─── Task input
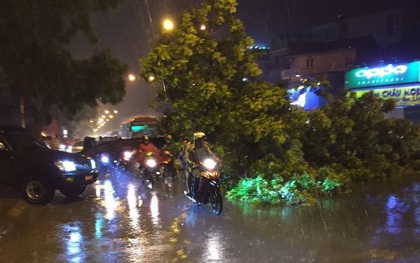 Hà Nội: Gió lốc lớn,  xà cừ đổ chắn ngang đường Phạm Văn Đồng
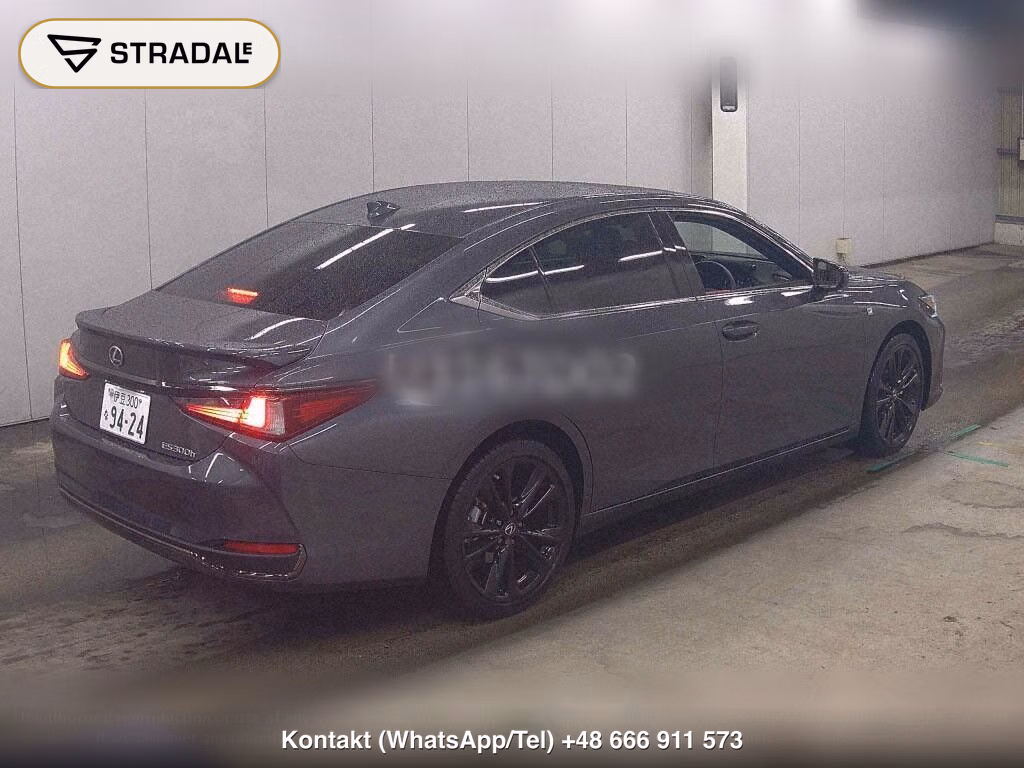 LEXUS ES ES300H F SPORT, miniaturka 6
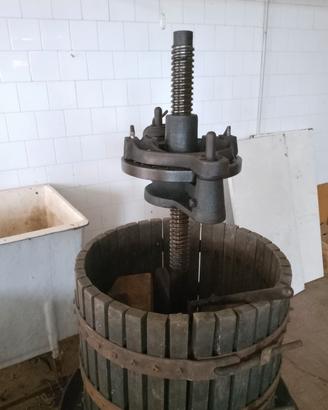 torchio per uva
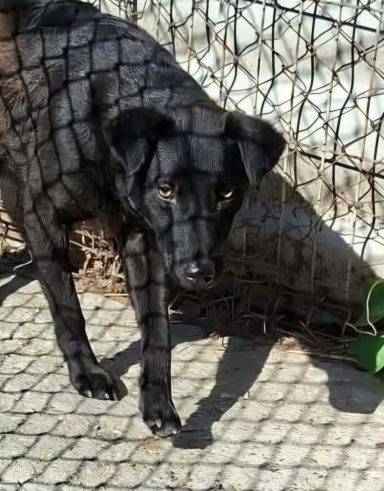 Blacky wurde ca. 2022 geboren ist ca. 55 cm groß und mit seinen Hundekupels verträglich.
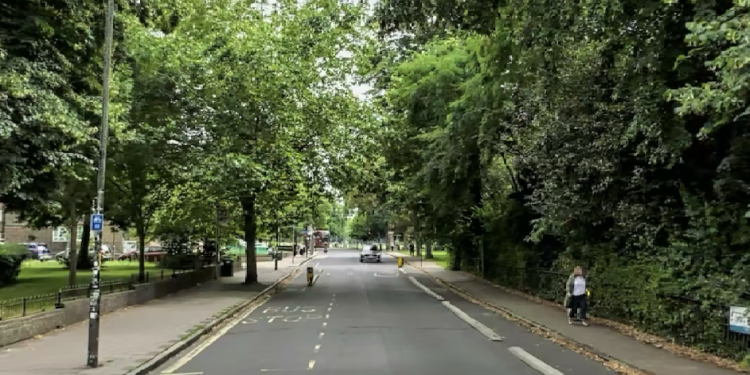 The proposal is to close part of Peckham Rye to cars (pictured).  Credit - Google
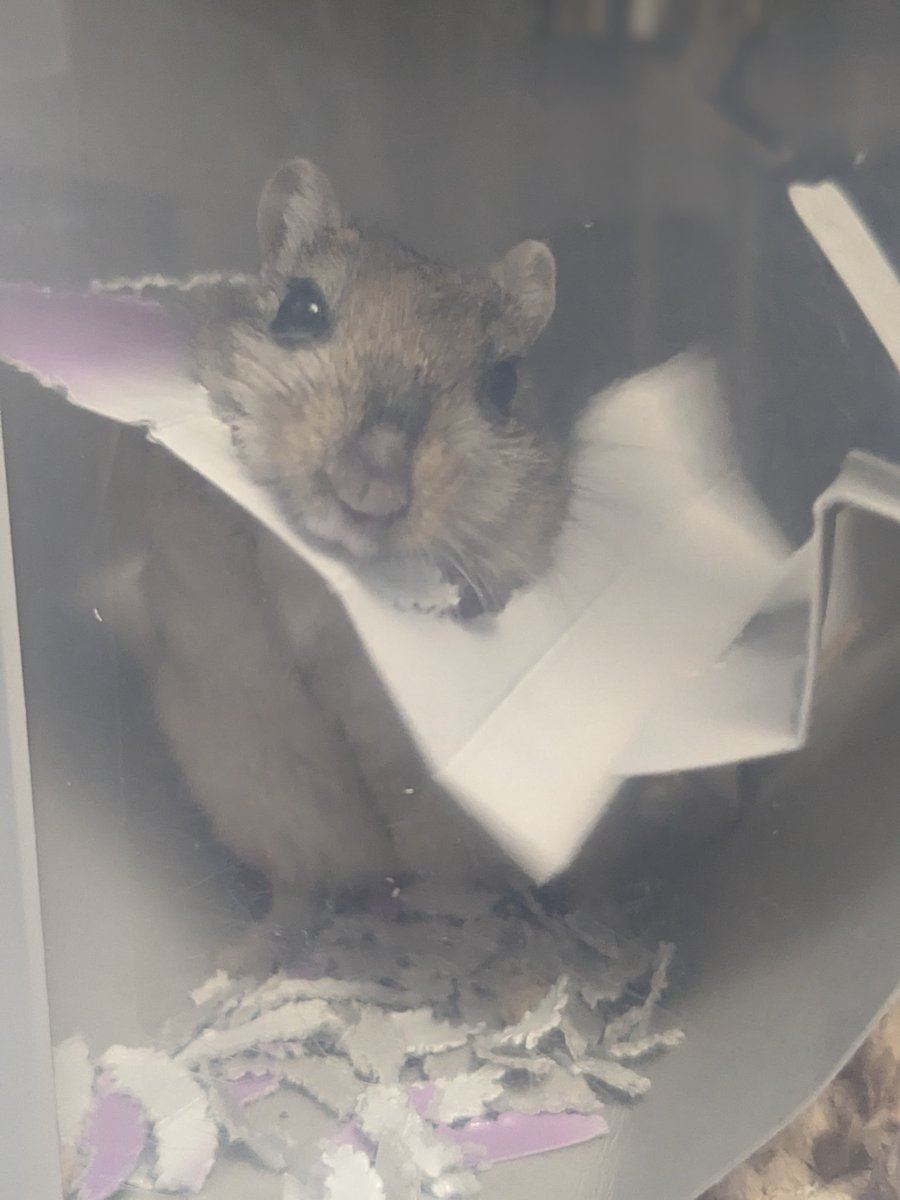 sunaminato's tweet photo. パリパリしながら身体がはまっていく可愛い姿、すき…😊
＃スナネズミ #gerbil  #jird https://t.co/spfCYqbyWu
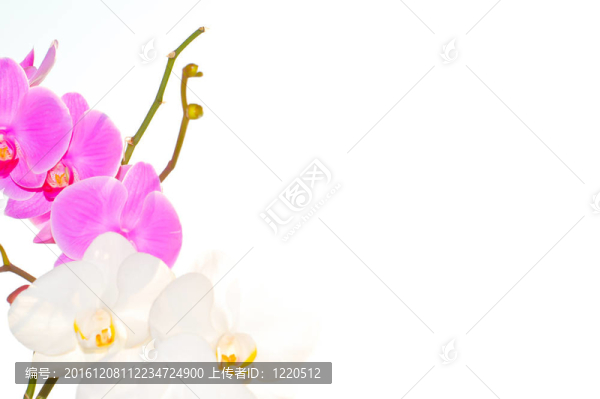 蘭花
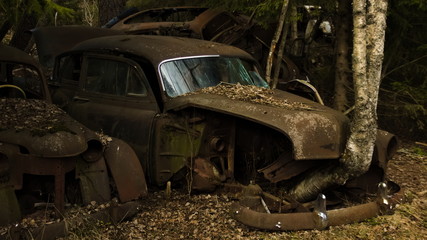 A veteran car with a birch tree growing in front of the car in vintage car scrapyard in Swedish forest.  Bastnas, Varmland.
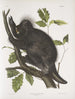 Porc-épic du Canada Hystrix dorsata - John Woodhouse Audubon — visning af kunstværket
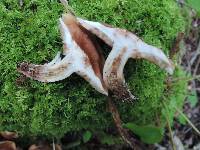 Tricholoma ustale image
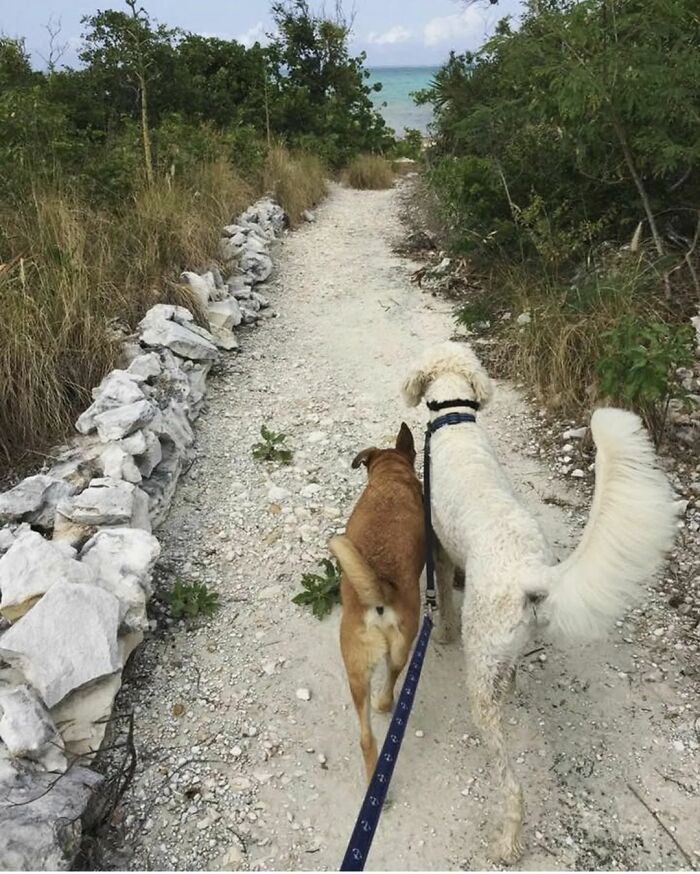TikToker Gets Airbnb With Adorable Deaf and Blind Dog Who Guides Guests To The Beach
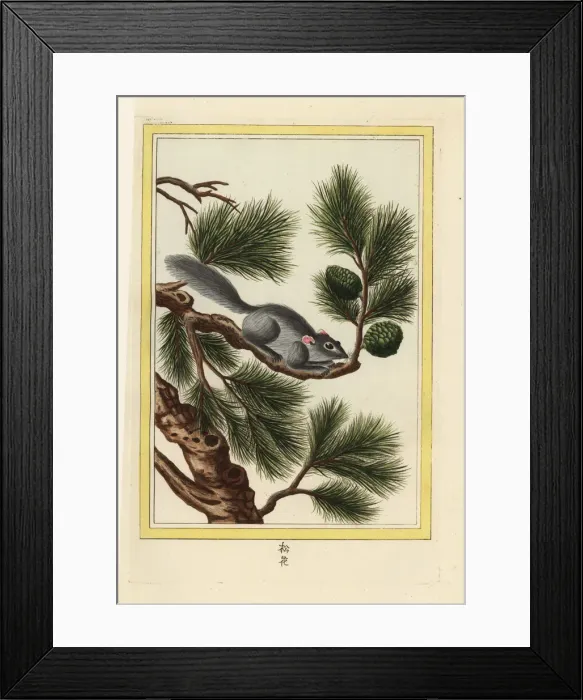 Framed Print : Yunnan pine, Pinus yunnanensis, with squirrel Framed Print : Yunnan pine, Pinus yunnanensis, with squirrel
──────
-- What is being asked --
Without the pictures, give back the entries exactly.

-- Task answer --
 Hà Nội: Gió lốc lớn,  xà cừ đổ chắn ngang đường Phạm Văn Đồng
 LEXUS ES ES300H F SPORT, miniaturka 6
 torchio per uva
 Blacky wurde ca. 2022 geboren ist ca. 55 cm groß und mit seinen Hundekupels verträglich.
 The proposal is to close part of Peckham Rye to cars (pictured).  Credit - Google
 sunaminato's tweet photo. パリパリしながら身体がはまっていく可愛い姿、すき…😊
＃スナネズミ #gerbil  #jird https://t.co/spfCYqbyWu
 蘭花
 A veteran car with a birch tree growing in front of the car in vintage car scrapyard in Swedish forest.  Bastnas, Varmland.
 Porc-épic du Canada Hystrix dorsata - John Woodhouse Audubon — visning af kunstværket
 Tricholoma ustale image
TikToker Gets Airbnb With Adorable Deaf and Blind Dog Who Guides Guests To The Beach
 Framed Print : Yunnan pine, Pinus yunnanensis, with squirrel Framed Print : Yunnan pine, Pinus yunnanensis, with squirrel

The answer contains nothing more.